South Africa made history on Monday when they put on line their first new power station in twenty years which happens amid a myriad of economic problems that have been largely attributed to the incidence of power problems in Africa’s second largest economy.
The state owned power utility, Eskom said the Medupi Power Station will, at the beginning, inject 794 megawatts of power into the South African power grid, a power grid that has been under immense strain for some time resulting in a number of power cuts that have not been friendly to the economy. Speaking on the occasion to mark the occasion,the Eskom Chief Executive Officer, Tshediso Matona, said having the coal fired Medupi Power Station join the national grid marked an exciting milestone towards full commercial power. He added that the power station, whose construction has been delayed for a number of years, is expected to have a total of 4 764 megawatts once it is working at full capacity. This, he said was expected to happen in 2017 when all the six units have been completed. Also speaking at the same occasion, the Public Enteprises minister, Lynne Browne said the firing of the Medupi Power station and having it join the national grid was going to contribute greatly towards the South African economy as well as that of the region in the long run.

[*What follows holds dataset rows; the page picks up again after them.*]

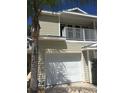 Tan two-story townhouse with attached garage and balcony at 1817 Hammocks Ave # 1817, Lutz, FL 33549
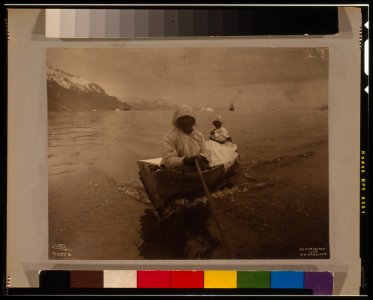 Seal hunters in canoe at Glacier Bay - Curtis. LCCN00649754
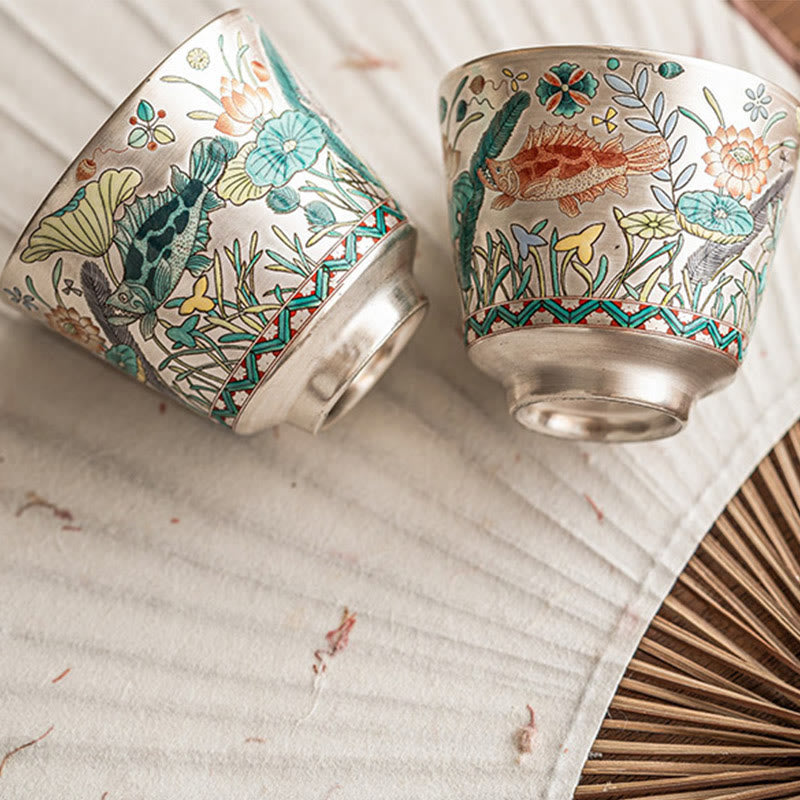 Fish Lotus Tea Cup – twin cups tilted on woven linen revealing full enamel fish artwork, ceramic teacup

The South African industries, businesses as well as individual homes have, in the last few years borne the brunt of mediocre service from the power utility as many power cuts in what has been a catch phrase of load shedding had become the order of the day. This has significantly led to the slowing down of the South African economy from an initial real growth of 3.4% in the last quarter of 2013 to a meager 1.5% at the end of last year. This has largely been attributed to the power cuts which had become the order of the day. This state of affairs has led government, through Eskom which takes care of close to 95% of the country’s power requirements, to mute plans to build eight nuclear reactors which are hoped to add a total of 9 600 megawatts of power to the national grid. While this has been welcome in many quarters, it has been the prohibitive cost of $50 billion (45 billion euros) that has sparked intense debates on whether this was a worthwhile venture.